2023 saw a historical number of strikes from the public sector in relation to fair pay and working conditions. The British public has been largely supportive or dismissive depending on which newspaper headlines it read. The chief accusation levelled at teachers is that they get fantastic holidays. It’s true. They do. I did. But they work too.
‘They chose that career, they can’t moan about the wages!’ was another popular gripe with the strikes. Many teachers may feel it is a vocation. I did for a time. Ultimately, it is just a job and teachers should not have to suffer poor working conditions and relatively low wages just because it is perceived as a calling. The reason they took strike action was because they love their jobs and want to be able to do them without mortgage-based fear or Ofsted-adjacent panic attacks. The vast majority of teachers work incredibly hard. Not all, of course, but no profession can claim that.
Pressure on teachers is immense, both external and internal.
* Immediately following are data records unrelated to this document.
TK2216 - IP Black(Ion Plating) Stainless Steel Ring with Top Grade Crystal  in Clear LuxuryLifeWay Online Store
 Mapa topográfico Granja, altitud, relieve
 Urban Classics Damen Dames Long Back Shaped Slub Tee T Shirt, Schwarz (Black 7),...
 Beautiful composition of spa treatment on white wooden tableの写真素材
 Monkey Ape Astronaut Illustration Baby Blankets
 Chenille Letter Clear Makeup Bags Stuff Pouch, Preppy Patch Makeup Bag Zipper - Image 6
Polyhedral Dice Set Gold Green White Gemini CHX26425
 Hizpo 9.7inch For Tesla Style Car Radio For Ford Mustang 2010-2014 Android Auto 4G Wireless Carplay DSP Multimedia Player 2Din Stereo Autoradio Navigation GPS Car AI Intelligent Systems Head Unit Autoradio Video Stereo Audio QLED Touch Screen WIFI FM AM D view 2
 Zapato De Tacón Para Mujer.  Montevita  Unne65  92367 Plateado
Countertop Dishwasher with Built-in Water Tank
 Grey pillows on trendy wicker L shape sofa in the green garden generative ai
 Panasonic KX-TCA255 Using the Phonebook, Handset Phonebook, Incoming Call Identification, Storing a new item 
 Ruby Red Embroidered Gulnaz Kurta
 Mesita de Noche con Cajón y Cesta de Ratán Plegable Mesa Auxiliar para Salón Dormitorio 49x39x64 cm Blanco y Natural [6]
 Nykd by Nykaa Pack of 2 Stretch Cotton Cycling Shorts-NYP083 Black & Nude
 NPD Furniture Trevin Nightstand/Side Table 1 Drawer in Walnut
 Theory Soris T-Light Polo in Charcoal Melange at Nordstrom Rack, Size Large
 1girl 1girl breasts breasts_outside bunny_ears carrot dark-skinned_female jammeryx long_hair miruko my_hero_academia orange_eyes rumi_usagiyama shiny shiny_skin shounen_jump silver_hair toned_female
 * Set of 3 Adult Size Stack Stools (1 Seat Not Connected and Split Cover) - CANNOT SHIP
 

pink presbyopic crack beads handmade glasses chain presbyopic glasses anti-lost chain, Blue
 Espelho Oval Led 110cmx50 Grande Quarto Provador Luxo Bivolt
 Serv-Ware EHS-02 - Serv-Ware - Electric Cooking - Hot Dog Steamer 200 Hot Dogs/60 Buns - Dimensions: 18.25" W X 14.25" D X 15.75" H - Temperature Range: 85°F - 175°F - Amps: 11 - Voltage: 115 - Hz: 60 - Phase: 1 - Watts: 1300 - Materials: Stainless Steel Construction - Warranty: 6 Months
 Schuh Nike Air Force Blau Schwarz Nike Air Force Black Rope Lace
Targets and benchmarks are set and reset and guidance constantly changes whilst you deal with an emotionally volatile group of perennially changing human beings. Parents with wildly unreasonable expectations or a complete lack of interest. So much of teaching is unseen and unappreciated. I want to provide a peek behind the curtain based on my experience as a primary school teacher.
- Teaching is clocking that two of your pupils have come in crying and making a mental note to find out why at some point later.
- Teaching is convincing a despondent six-year-old that the school lunch won’t be that bad (it will be).
- Teaching is a child telling you that they had a Nutella sandwich for breakfast but without the Nutella. And you have to work it if that is true or not because their mum denies everything.
- Teaching is coming up with a Maths lesson that will push the children on but not completely destroy that one child’s self-esteem because he’s still working on his 2 times table.
- Teaching is realising you are supposed to be on break duty and knowing it’ll be another 90 minutes before you can go to the toilet.
- Teaching is being on break duty and trying to encourage a sense of fair play in the three simultaneous games of football, sending children off to first aid, talking to the lonely ones and trying to find them a friend, thinking about your next lesson and whether you printed enough sheets all whilst trying to get your head around how this child’s parents have sent him to school without a coat when it’s 3 degrees outside. He’s wearing shorts too, of course.
- Teaching is keeping children in to finish their work because we ask seven-year-olds to care about subordinating conjunctions.
- Teaching is trying to carve out fifteen minutes for your lunch with carefully chosen colleagues in between marking and finding out who has been hoarding the rusted, heavy drying rack that you need for the art lesson where you are attempting to teach watercolours(!).
- Teaching is delaying the art lesson by ten minutes because there’s been a massive argument at lunchtime that the playground supervisors were unable to deal with. You instinctively know which child is lying, because you know them so well, but you can’t prove it so all parties are dissatisfied. You can expect an email from a perturbed parent later.
- Teaching is exercising your patience while a child throws a tantrum because their table neighbour took the coloured pencil they wanted.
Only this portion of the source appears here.